El modelo cultural impulsado por el Estado en Corea del Sur ha fomentado explícitamente un entorno que permite el éxito de diversos programas de televisión y artistas pop, reconociéndolos como una fuerza de poder blando y mercados de exportación. China está imitando ese modelo, y ambos ofrecen una alternativa cada vez más sólida a los productos de Hollywood y la música popular estadounidense.

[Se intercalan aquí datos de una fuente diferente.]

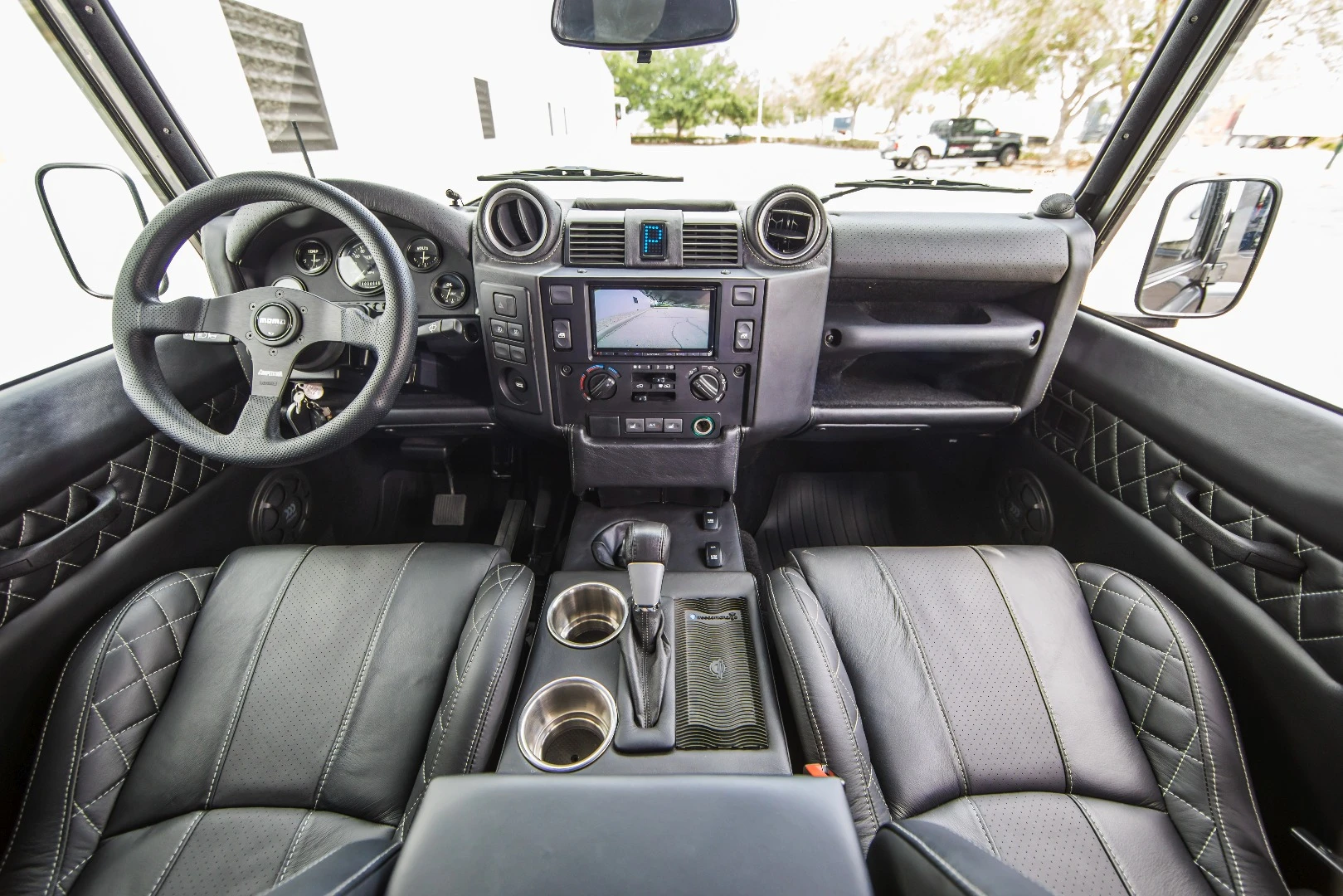East Coast Defender has thoroughly upgraded the interior, adding leather, a full infotainment system, upgraded gauges and more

En reacción a este declive, Trump ha amenazado con esgrimir su arma favorita, y aparentemente la única, amenazando con imponer un arancel del 100 por ciento a las películas producidas fuera de Estados Unidos —una propuesta que no reconoce que la cultura no es una importación tangible como, digamos, el aluminio.
Otra fuerza erosiva está en acción, una más sutil que los ciclos económicos habituales. Para muchos observadores extranjeros, resulta cada vez más cierto que Estados Unidos ya no es atractivo —ni como ideal cultural ni como aspiración. El discurso del País se ha vuelto incoherente, su imagen, tóxica. Estados Unidos ni siquiera puede decidir si Superman (co inventado por un canadiense) es bueno o malo. Incluso Superman —quien famosamente representa la verdad, la justicia y el estilo de vida americano— es considerado ahora por algunos, dentro del País, como demasiado extranjero, demasiado amable, demasiado progresista.
¿Qué les fascinaba de Chubby Checker a aquellos adolescentes soviéticos hace tanto tiempo? ¿Qué escuchaban al oír “Let’s Twist Again”? Se encontraban con la libertad personal y la apertura al mundo; eso era lo que representaba para ellos la grandeza estadounidense. Pero ahora, a los ojos del mundo, la libertad estadounidense se ha convertido en una autoparodia —una libertad vigilada por agentes enmascarados que no se identifican. La sensación de apertura se ha desvanecido. Como dijo un agente de la Oficina de Aduanas y Protección Fronteriza de Estados Unidos a The New York Times, “Ahora la frontera está en todas partes”. ¿Quién en el mundo querría fingir que vive en ese País?
Hay un atisbo de esperanza. Puede que las fronteras se estén cerrando, pero las líneas siguen abiertas y la cultura global continúa floreciendo. La recámara de los adolescentes de hoy ha sido conquistada por lo diferente: diferentes idiomas, diferentes tradiciones, diferentes voces, diferentes rostros. En la televisión se ve “El Juego del Calamar”, la cantante islandesa-china Laufey canta en los auriculares de los chicos y hay un póster de Blackpink en la pared. Lux, el nuevo álbum de Rosalía, la estrella española del flamenco-pop, producido con los antiguos colaboradores de Justin Bieber y Kanye West, contiene letras en 13 idiomas. Stephen Miller, uno de los principales asesores de Trump, puede despotricar todo lo que quiera al respecto, pero los agentes de inmigración estadounidenses no pueden arrestarlo.
Los rusos que encarcelaron a los piratas de Chubby Checker aprendieron por las malas: no puedes deportar la música.